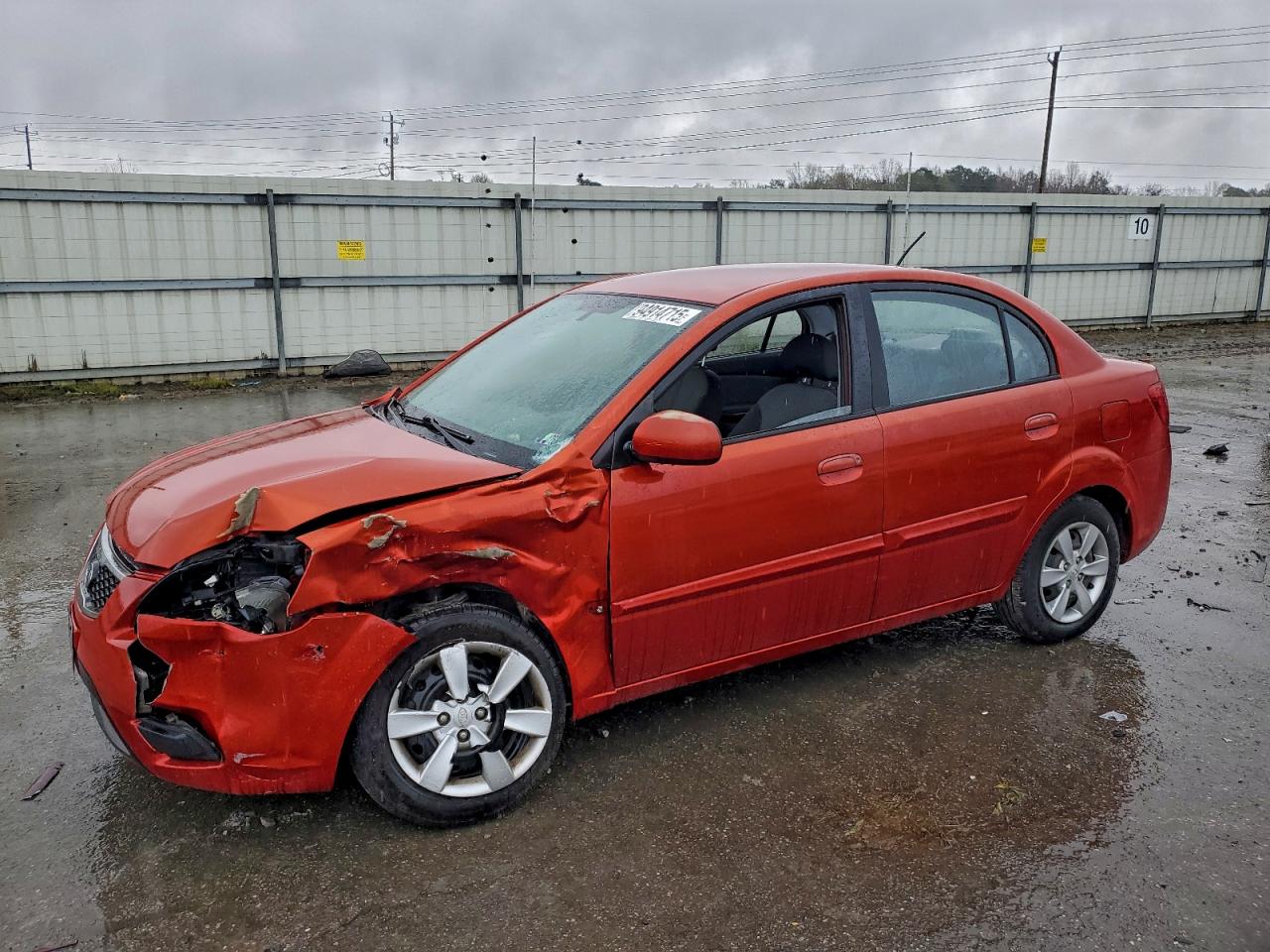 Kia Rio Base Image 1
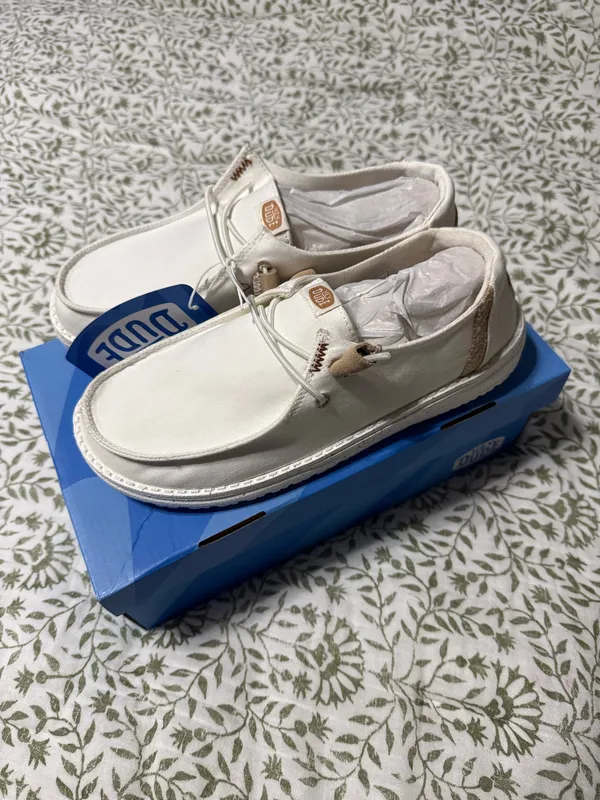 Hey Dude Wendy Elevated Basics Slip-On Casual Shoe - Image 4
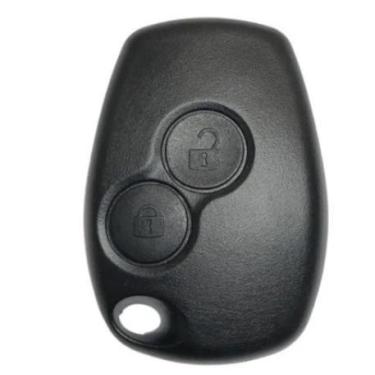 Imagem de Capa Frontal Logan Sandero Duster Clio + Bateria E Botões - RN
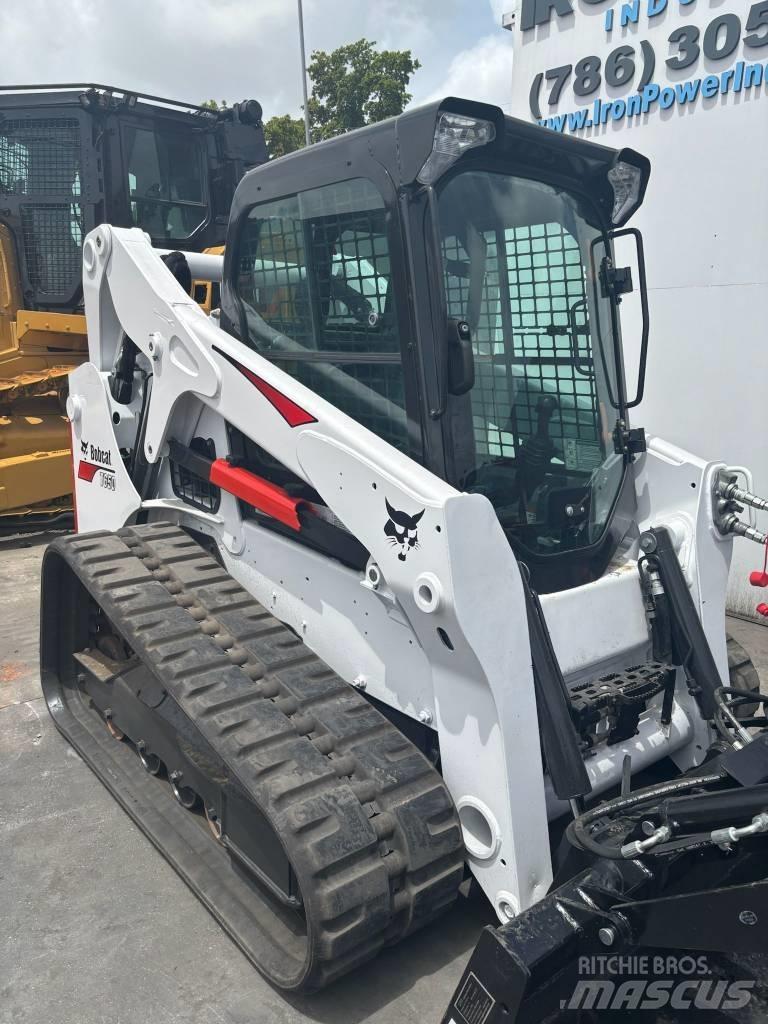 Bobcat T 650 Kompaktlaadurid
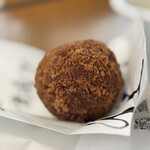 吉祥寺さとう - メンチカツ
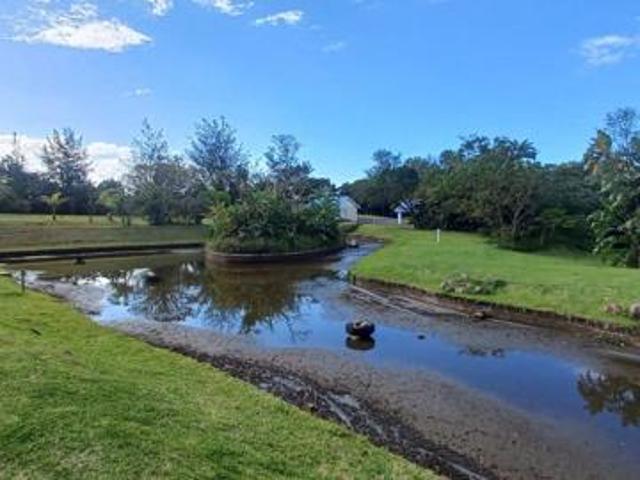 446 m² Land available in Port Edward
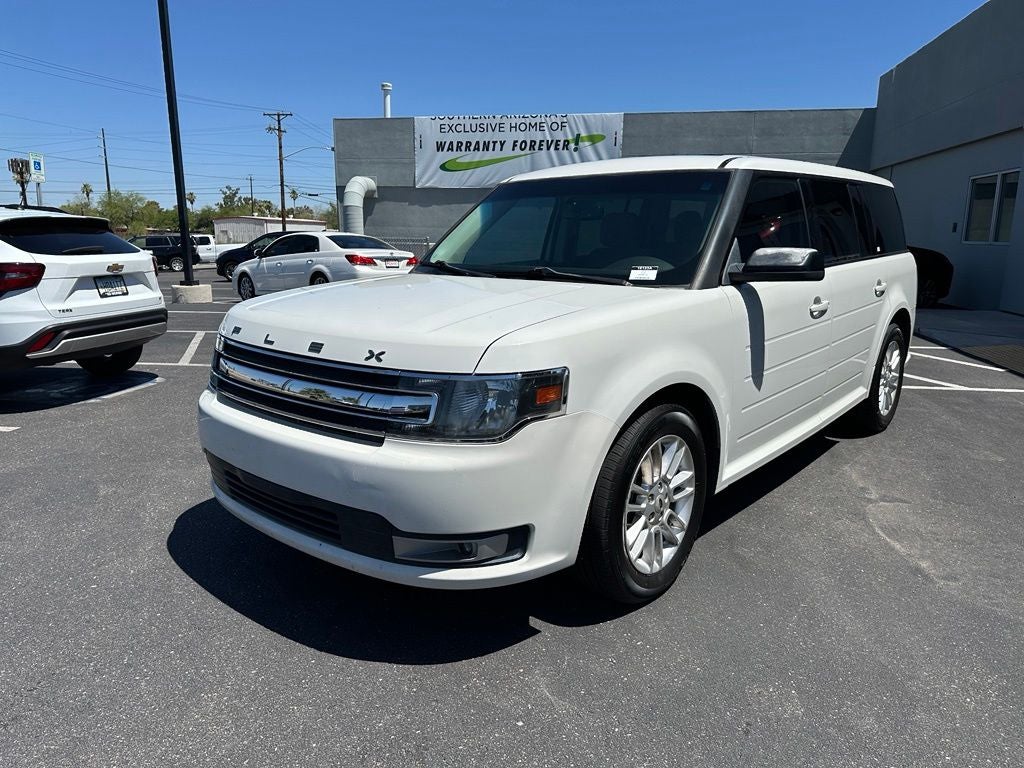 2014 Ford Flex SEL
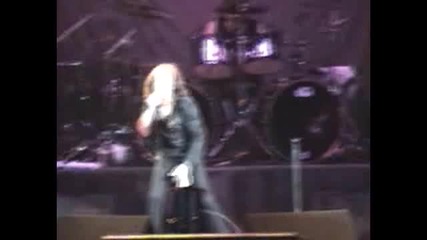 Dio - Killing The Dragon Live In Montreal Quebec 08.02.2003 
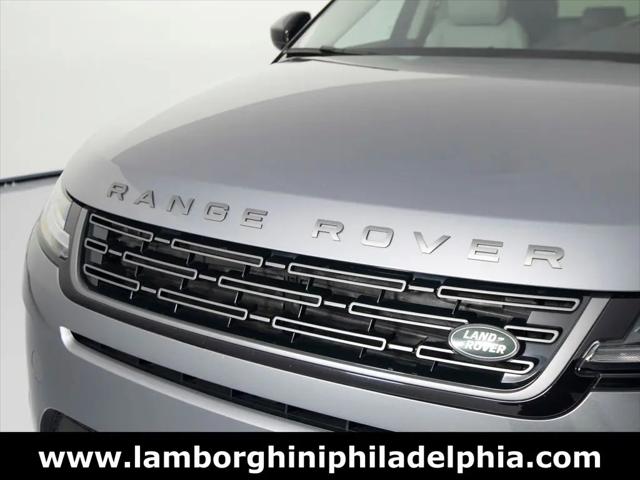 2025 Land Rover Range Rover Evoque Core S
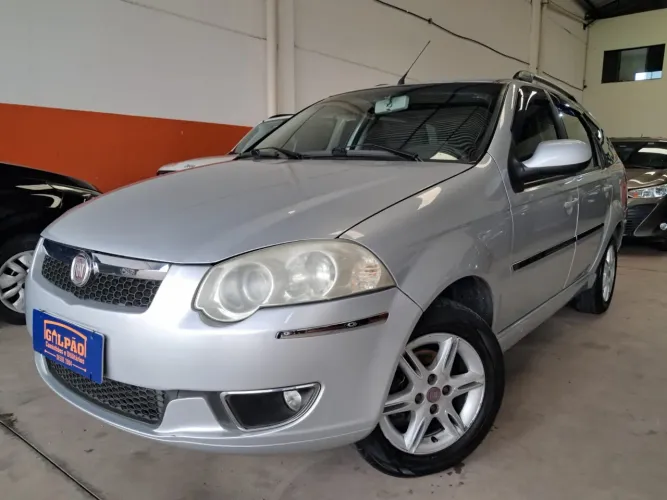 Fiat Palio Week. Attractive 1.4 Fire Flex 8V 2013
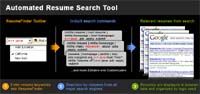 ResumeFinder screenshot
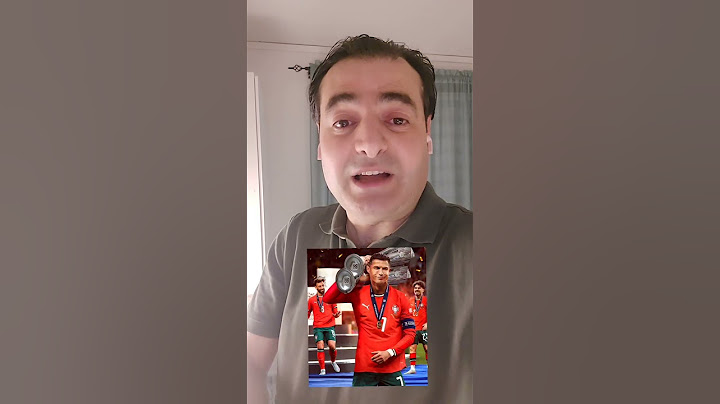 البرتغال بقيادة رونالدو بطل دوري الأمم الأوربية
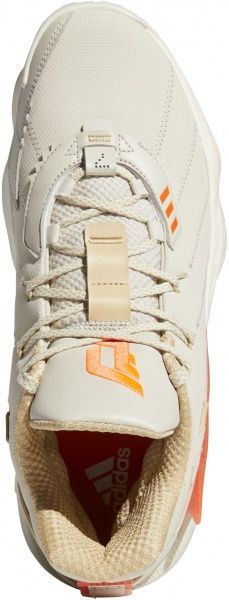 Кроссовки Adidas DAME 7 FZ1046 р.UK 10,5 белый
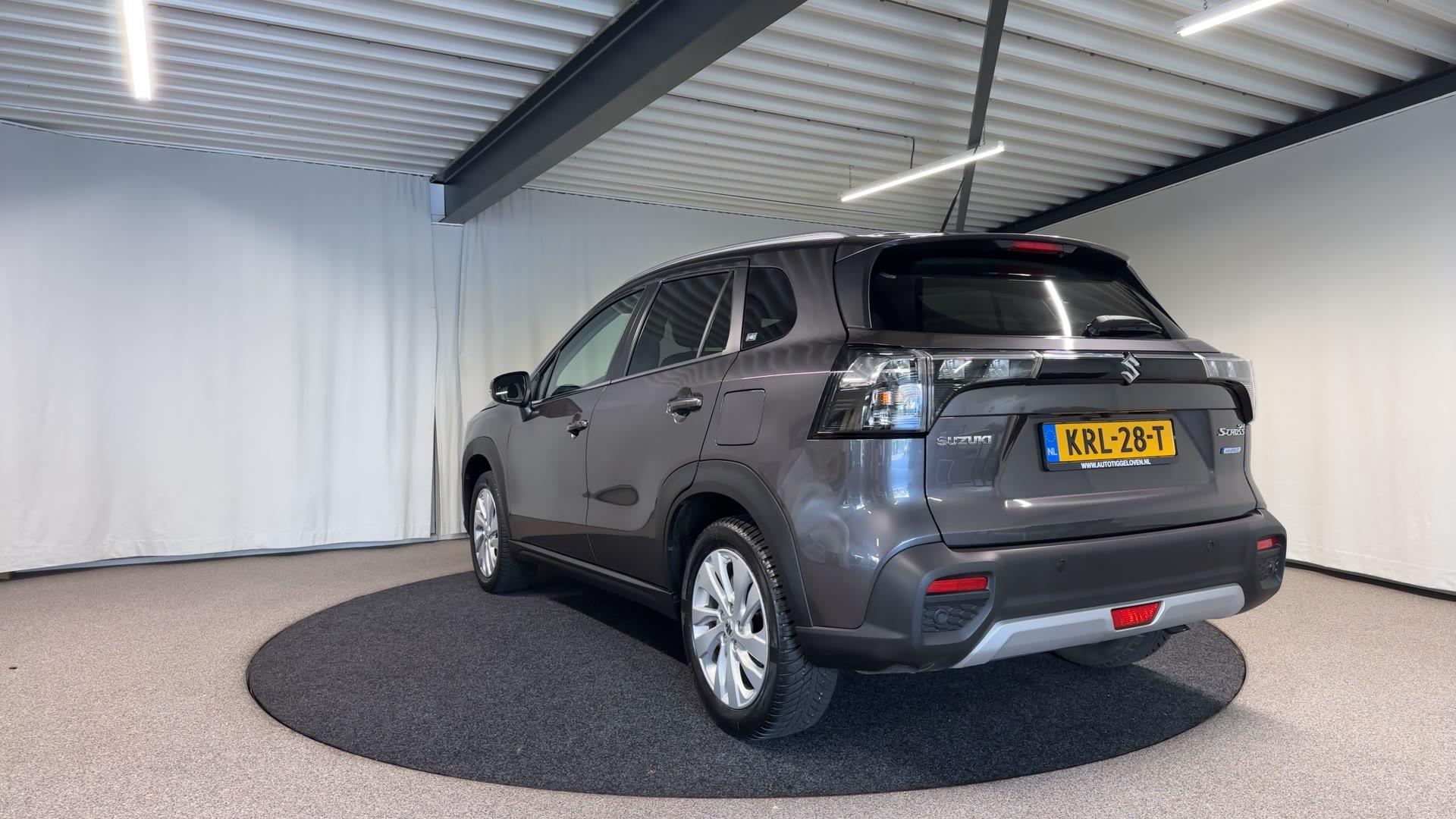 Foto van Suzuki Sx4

::::

§ Exercise instructions
Retype the listing exactly. Pictures do not belong in the copy.

§ Answer to this exercise
 Kia Rio Base Image 1
 Hey Dude Wendy Elevated Basics Slip-On Casual Shoe - Image 4
 Imagem de Capa Frontal Logan Sandero Duster Clio + Bateria E Botões - RN
 Bobcat T 650 Kompaktlaadurid
 吉祥寺さとう - メンチカツ
 446 m² Land available in Port Edward
 2014 Ford Flex SEL
 Dio - Killing The Dragon Live In Montreal Quebec 08.02.2003 
 2025 Land Rover Range Rover Evoque Core S
 Fiat Palio Week. Attractive 1.4 Fire Flex 8V 2013
 ResumeFinder screenshot
 البرتغال بقيادة رونالدو بطل دوري الأمم الأوربية
 Кроссовки Adidas DAME 7 FZ1046 р.UK 10,5 белый
 Foto van Suzuki Sx4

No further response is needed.